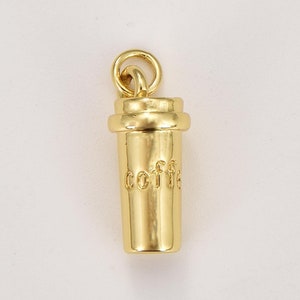 Delicato ciondolo aggiuntivo a forma di tazza da caffè in oro riempito, delicato ciondolo 3D a forma di caffè per bracciale, collana, ciondolo, orecchino per la creazione di gioielli, CP1849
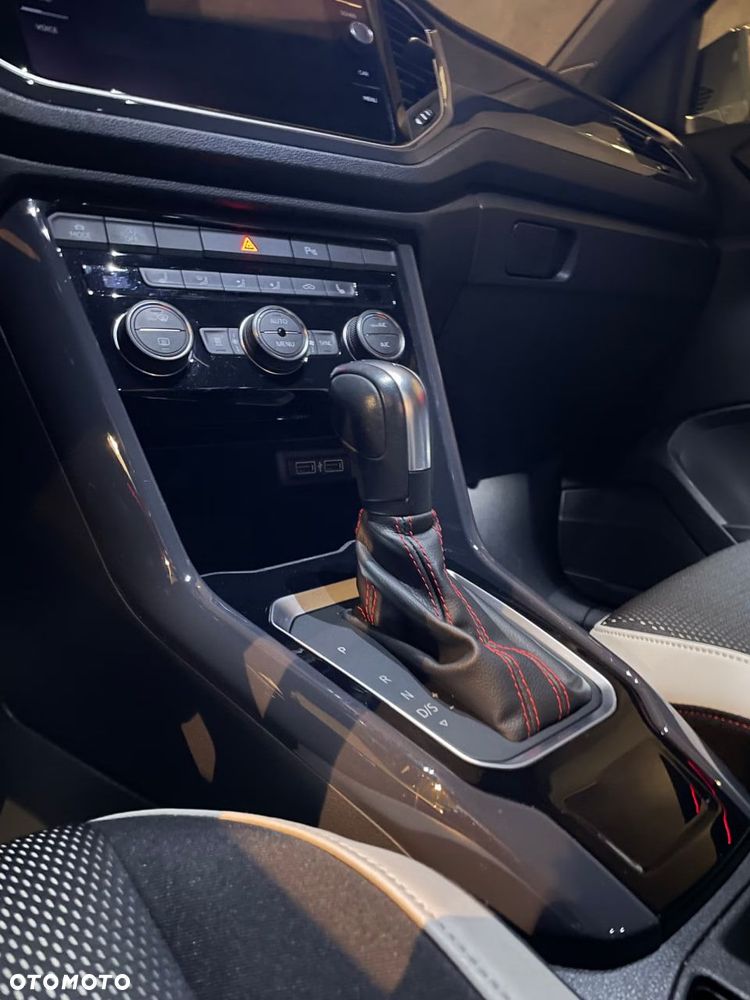 Volkswagen T-Roc 1.5 TSI ACT OPF DSG Sport - 13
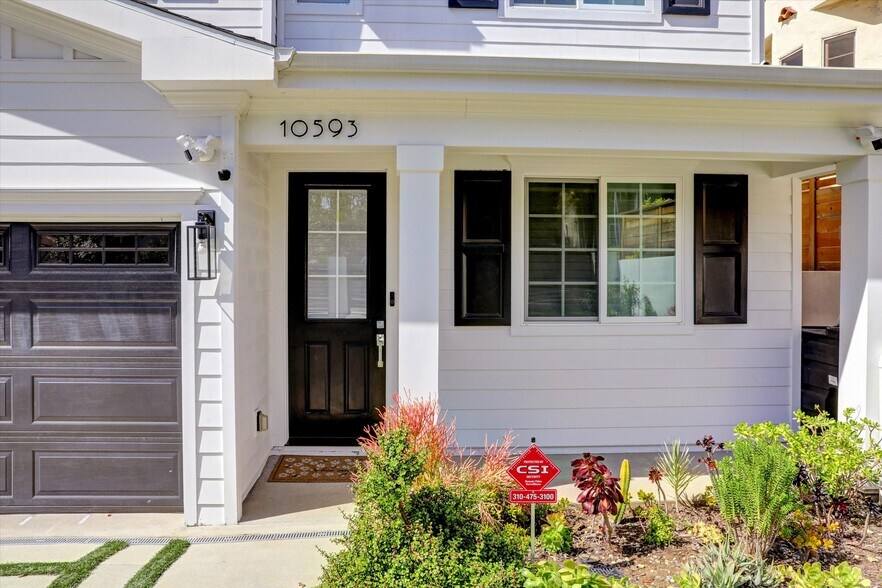 Building Photo - 10593 Kinnard Ave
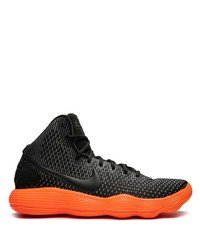 Мужские черно-оранжевые кроссовки от Nike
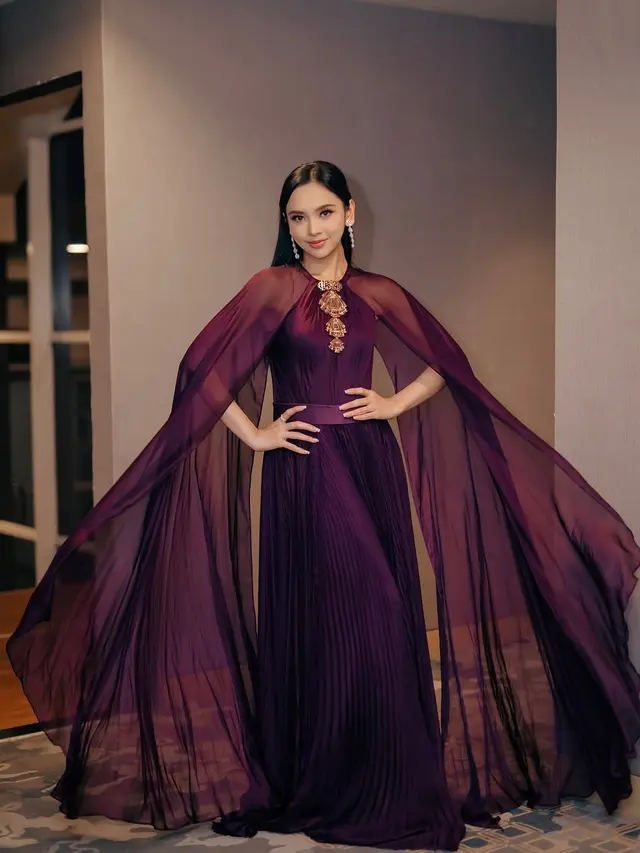 Potret Busana Manggung Lyodra Ginting. Sumber: IG @lyodraofficial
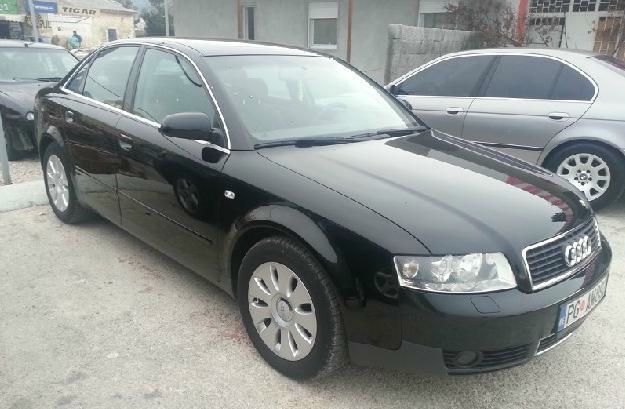 Audi A4 2004 - foto 1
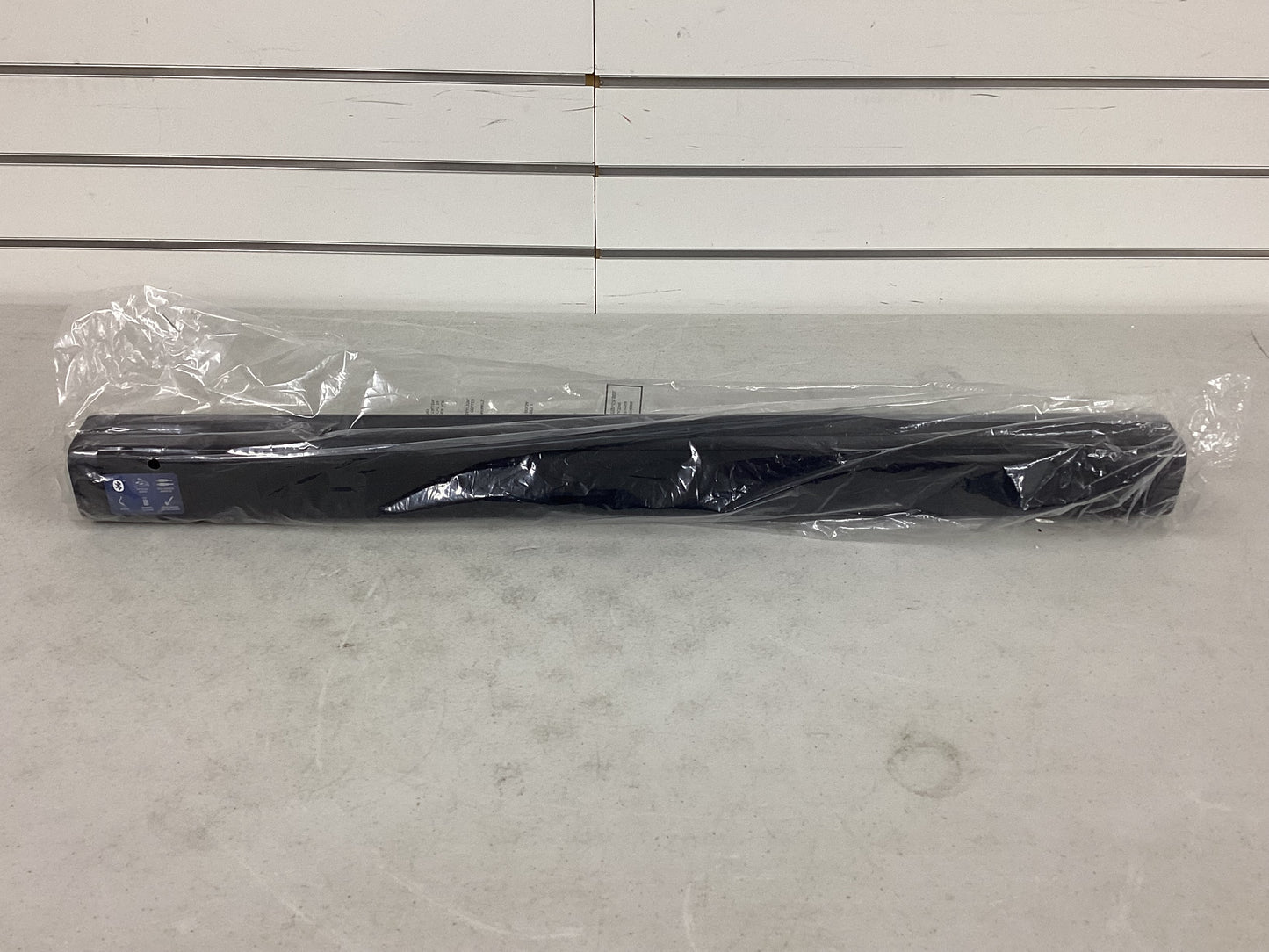 iLive 29 inch HD Sound Bar with Bluetooth ITB037BO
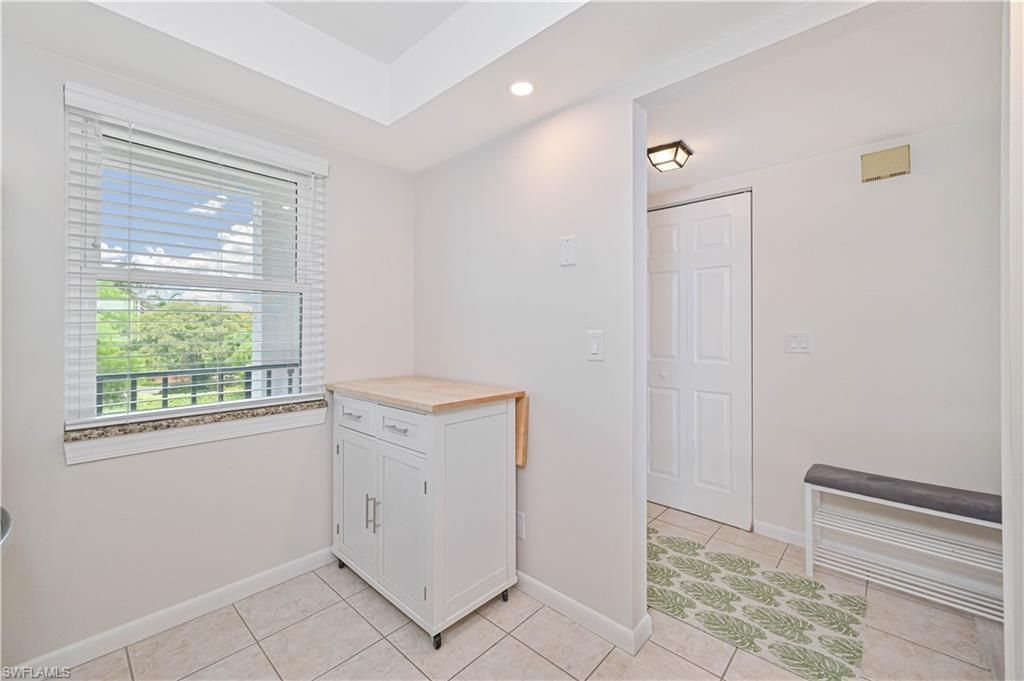 3030 Binnacle Dr , Unit 307, Naples, FL 34103 Photo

§ EXERCISE DESCRIPTION: Each entry above must be printed exactly, apart from its pictures.

§ WRITTEN ANSWER:
 Delicato ciondolo aggiuntivo a forma di tazza da caffè in oro riempito, delicato ciondolo 3D a forma di caffè per bracciale, collana, ciondolo, orecchino per la creazione di gioielli, CP1849
 Volkswagen T-Roc 1.5 TSI ACT OPF DSG Sport - 13
 Building Photo - 10593 Kinnard Ave
 Мужские черно-оранжевые кроссовки от Nike
 Potret Busana Manggung Lyodra Ginting. Sumber: IG @lyodraofficial
 Audi A4 2004 - foto 1
 iLive 29 inch HD Sound Bar with Bluetooth ITB037BO
 3030 Binnacle Dr , Unit 307, Naples, FL 34103 Photo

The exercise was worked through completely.